Biber in Bayern:Frei zum Abschuss

In Bayern ist der Biber streng geschützt - doch nur dann, wenn er ganz bestimmte Tabuzonen nicht betritt. Die lässt Umweltminister Marcel Huber jetzt flächendeckend ausweisen. Tierschützer sind empört

Christian Sebald

Zwischen den Umweltverbänden und Umweltminister Marcel Huber (CSU) ist heftiger Streit um den Schutz des Bibers entbrannt. "Aus Angst vor den Bauern und Teichwirten lässt Huber flächendeckend Tabuzonen für die streng geschützten Biber ausweisen, in denen sie einfach abgeschossen werden dürfen", sagt Hubert Weiger, der Chef des Bundes Naturschutz (BN). "Das ist ein verheerendes Signal." Auch der Vogelschutzbund ist alarmiert. "Ob Kormoran, Gänse oder der Biber, es ist stets ein Trauerspiel", sagt Andreas von Lindeiner vom LBV, "wenn die Leute die Tiere weghaben wollen, erlauben die Politiker immer noch mehr Abschüsse."

Charmeoffensive für den Biber

Ein fleißiger Nager, der sich nicht nur Freunde macht: Viele Landwirte sind alles andere als glücklich über die Aktivitäten des Bibers - insbesondere dann, wenn die Tiere durch ihre Dämme die Äcker unter Wasser setzten.

(Foto: dpa)

Der Grund für die Angriffe ist ein Schreiben des Umweltministeriums an alle Landratsämter von Ende März.

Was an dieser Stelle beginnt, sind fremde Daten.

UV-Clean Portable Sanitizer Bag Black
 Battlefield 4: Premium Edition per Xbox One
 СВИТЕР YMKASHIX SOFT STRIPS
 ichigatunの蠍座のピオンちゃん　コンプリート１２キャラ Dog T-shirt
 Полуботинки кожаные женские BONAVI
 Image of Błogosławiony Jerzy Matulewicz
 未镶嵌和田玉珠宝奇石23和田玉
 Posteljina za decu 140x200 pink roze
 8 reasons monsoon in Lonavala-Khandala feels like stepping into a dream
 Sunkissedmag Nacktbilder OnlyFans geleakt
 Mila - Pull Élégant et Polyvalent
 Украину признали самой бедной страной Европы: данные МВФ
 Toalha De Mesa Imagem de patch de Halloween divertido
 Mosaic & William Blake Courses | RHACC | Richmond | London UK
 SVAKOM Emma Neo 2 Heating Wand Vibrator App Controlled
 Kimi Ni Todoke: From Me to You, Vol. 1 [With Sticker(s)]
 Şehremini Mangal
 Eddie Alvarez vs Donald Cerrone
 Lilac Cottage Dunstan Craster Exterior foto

Darin lässt Huber die Kreisbehörden anweisen, flächendeckend "erheblich schadensgeneigte Gebiete" auszuweisen, in denen Biber ohne weitere Genehmigung "entnommen" werden dürfen. Letzteres ist die bürokratische Umschreibung dafür, dass man die Tiere dort abschießen darf.

Bislang ist dies nur im Bereich von Kläranlagen und Wasserkraftwerken sowie an Stauwehren und Hochwasserdämmen möglich. Künftig soll dies auch im Umfeld von Fischteichen, entlang von Be- und Entwässerungsgräben sowie an Straßen und Wegen der Fall sein können - überall dort also, wo bisher Einzelgenehmigungen für jeden Abschuss üblich waren.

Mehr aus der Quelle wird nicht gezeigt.